■ **RECORDS FOR PROCESSING**:
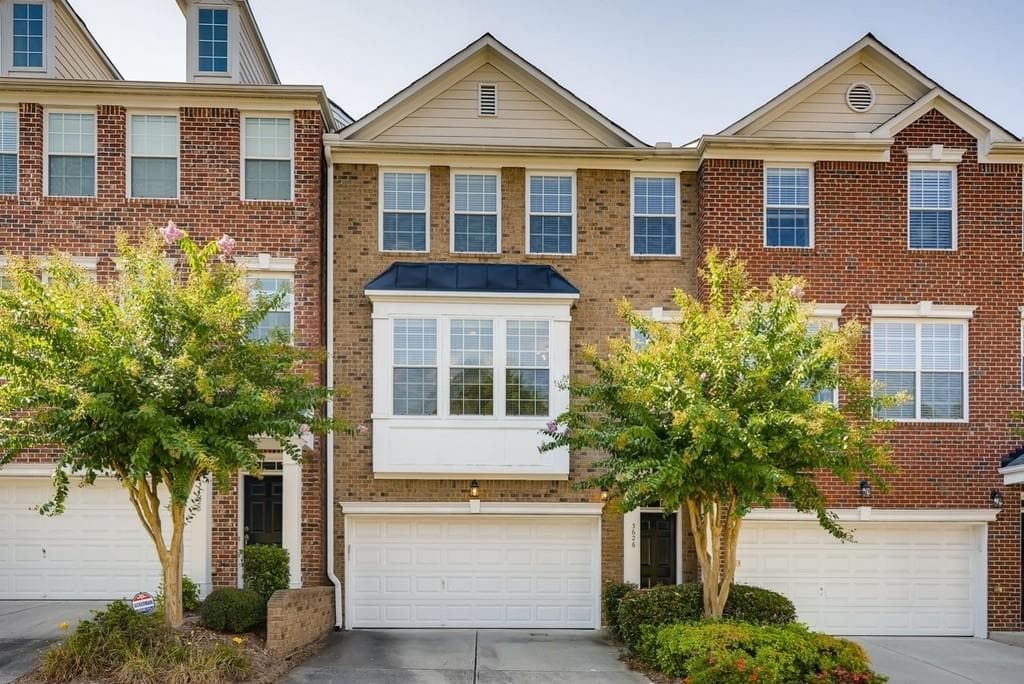 3 bedroom, 3 bathroom, 2,423 sq ft townhouse sold at 3626 CHATTAHOOCHEE SUMMIT Drive 12, Atlanta, GA 30339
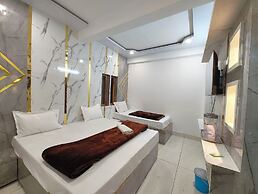 Vista Hotel Naini Lake View Nainital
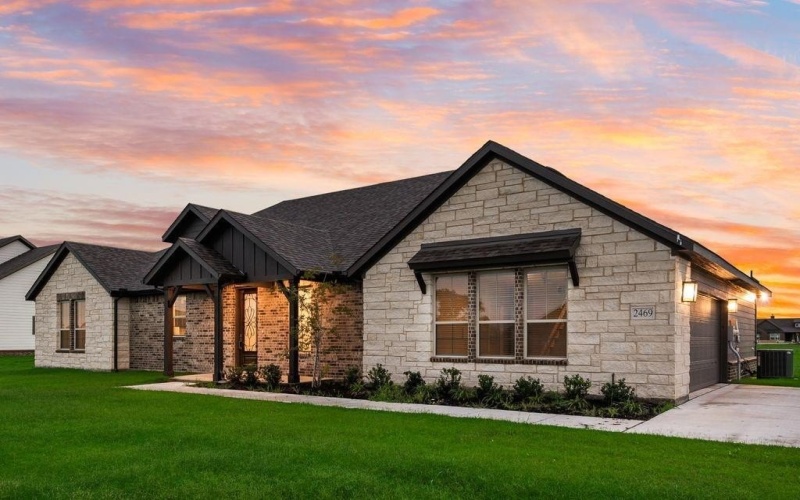 2469 Blackjack Oak Road, Oak Ridge, TX 75161, 3 Bedrooms Bedrooms, ,2 BathroomsBathrooms,Residential,For Sale,2469 Blackjack Oak Road,20812350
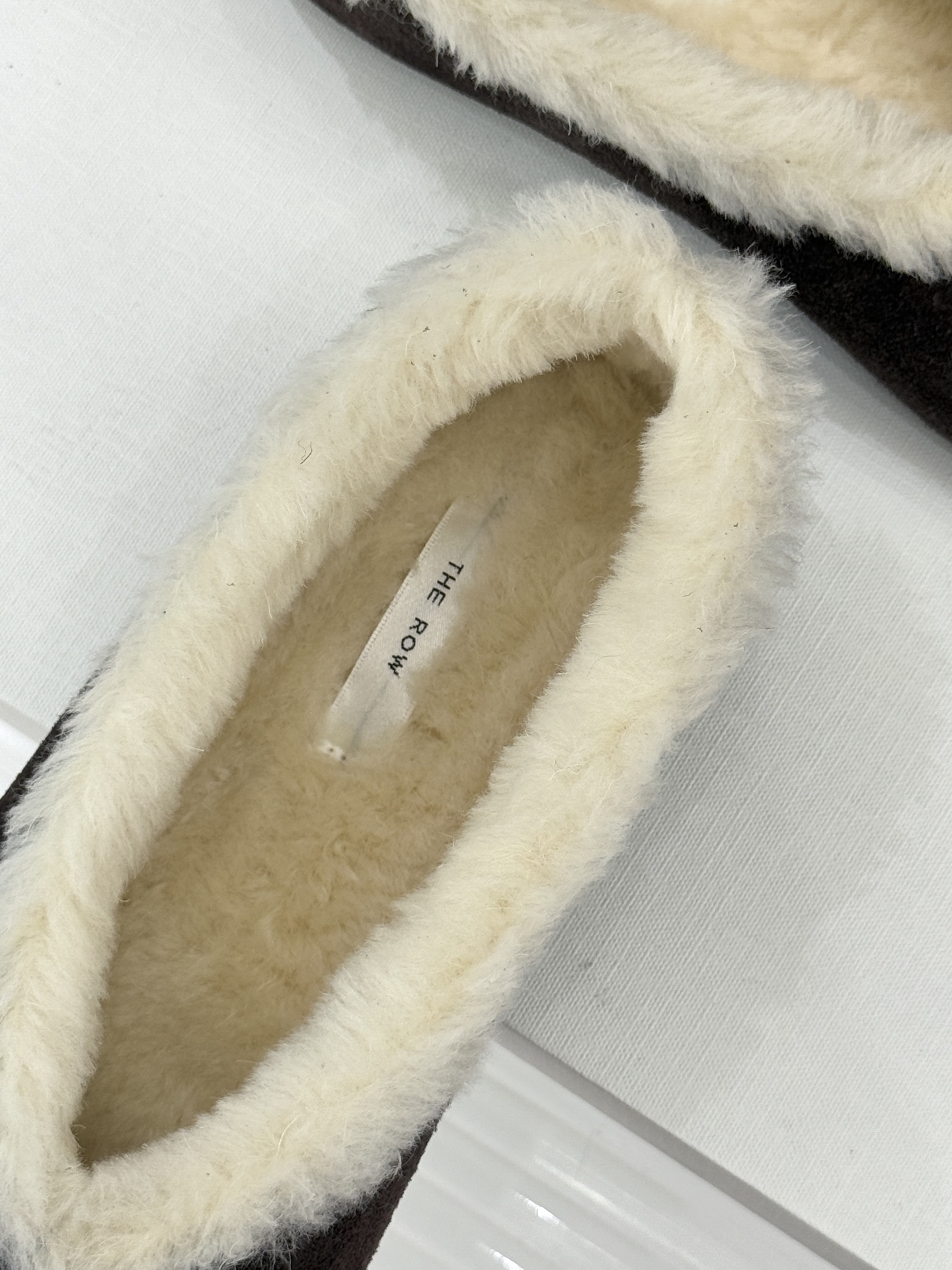 The Row 25WF新品复古毛毛鞋这双毛毛鞋以品牌标志性极简美学注解秋冬“宅家精致主义”。甄选柔密羊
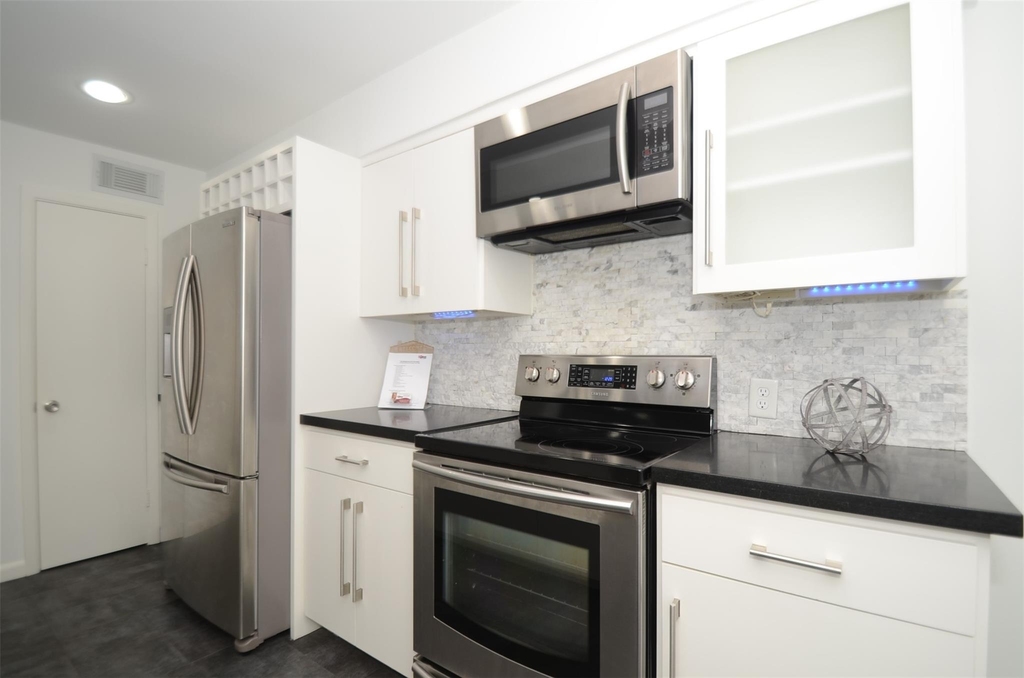 5524 Beverlyhill Street - Photo 9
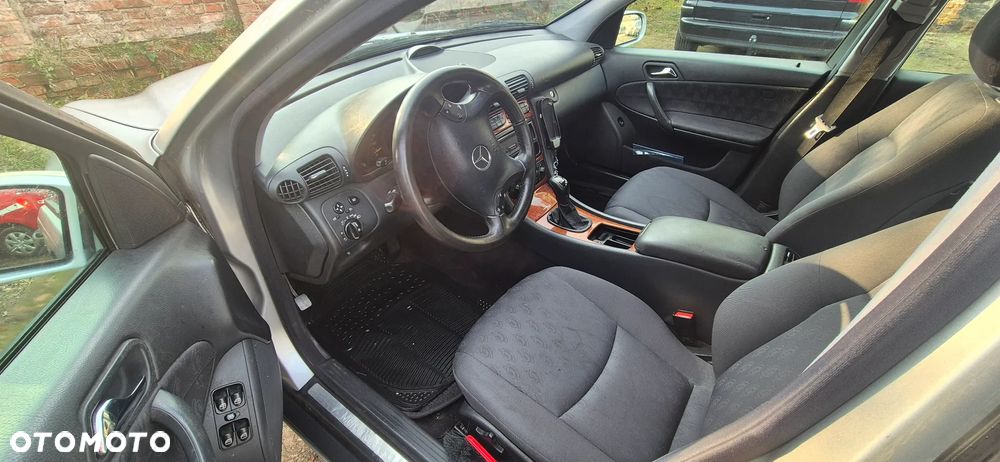 Mercedes-Benz Klasa C 180 T Kompressor Classic - 8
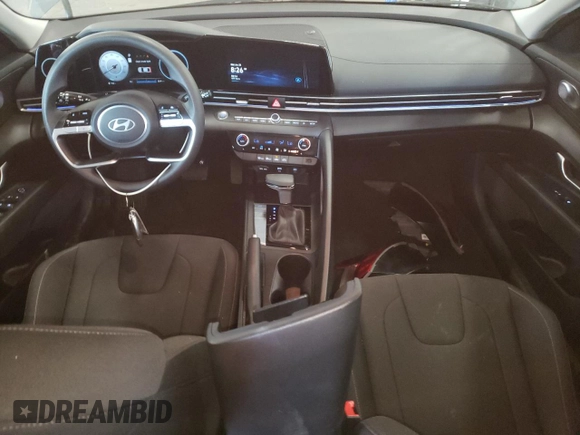 2024 Hyundai Elantra SEL с VIN KMHLM4DG4RU785768, выставлен на аукционе Copart как лот 62400805 с пробегом 24 162 миль миль и Чистый • Clean title. История ставок и продаж доступна на DreamBid. Изображение 8.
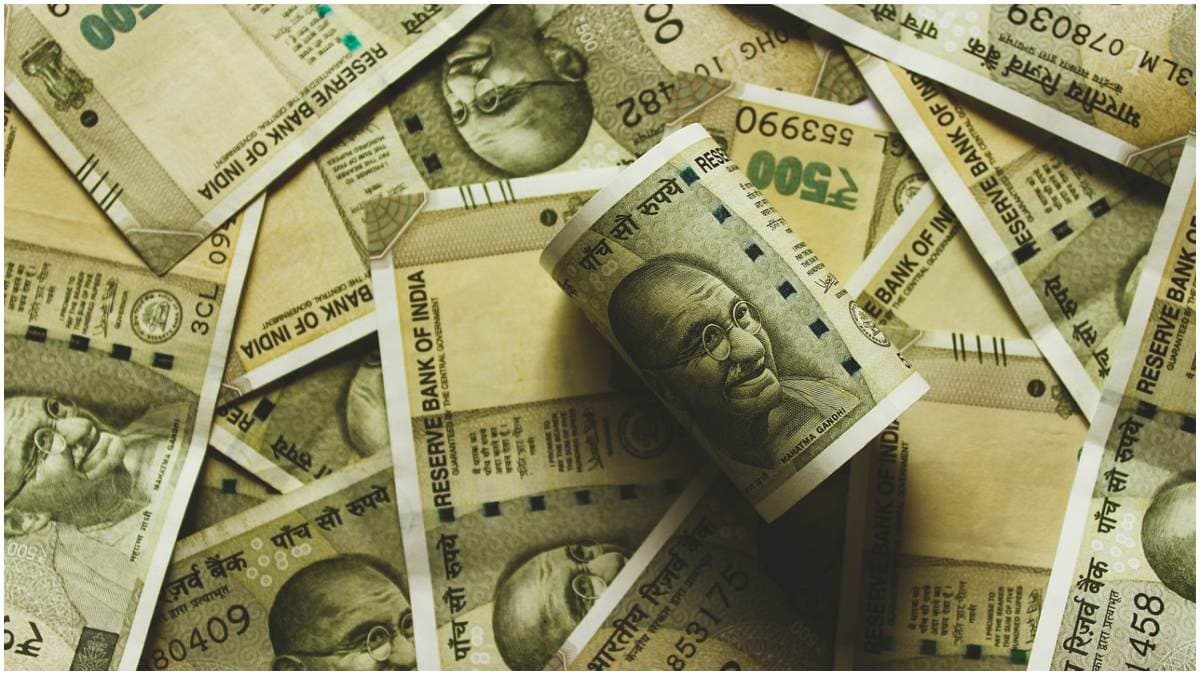 क्या 2027 तक 100 रुपये प्रति डॉलर पर होगा रुपया? जानें क्या है एक्सपर्ट की राय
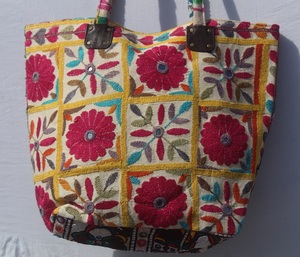 Bolsa de Mano Banjara Personalizada de Alta Calidad, Bolsa de Hombro Bordada a Mano con Flores, Gran Capacidad, Forro de Algodón Ligero - Product Image 2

■ **TASK BRIEF**: Each record, word for word, should be printed again without its pictures.

■ **ANSWER SPACE**:
 3 bedroom, 3 bathroom, 2,423 sq ft townhouse sold at 3626 CHATTAHOOCHEE SUMMIT Drive 12, Atlanta, GA 30339
 Vista Hotel Naini Lake View Nainital
 2469 Blackjack Oak Road, Oak Ridge, TX 75161, 3 Bedrooms Bedrooms, ,2 BathroomsBathrooms,Residential,For Sale,2469 Blackjack Oak Road,20812350
 The Row 25WF新品复古毛毛鞋这双毛毛鞋以品牌标志性极简美学注解秋冬“宅家精致主义”。甄选柔密羊
 5524 Beverlyhill Street - Photo 9
 Mercedes-Benz Klasa C 180 T Kompressor Classic - 8
 2024 Hyundai Elantra SEL с VIN KMHLM4DG4RU785768, выставлен на аукционе Copart как лот 62400805 с пробегом 24 162 миль миль и Чистый • Clean title. История ставок и продаж доступна на DreamBid. Изображение 8.
 क्या 2027 तक 100 रुपये प्रति डॉलर पर होगा रुपया? जानें क्या है एक्सपर्ट की राय
 Bolsa de Mano Banjara Personalizada de Alta Calidad, Bolsa de Hombro Bordada a Mano con Flores, Gran Capacidad, Forro de Algodón Ligero - Product Image 2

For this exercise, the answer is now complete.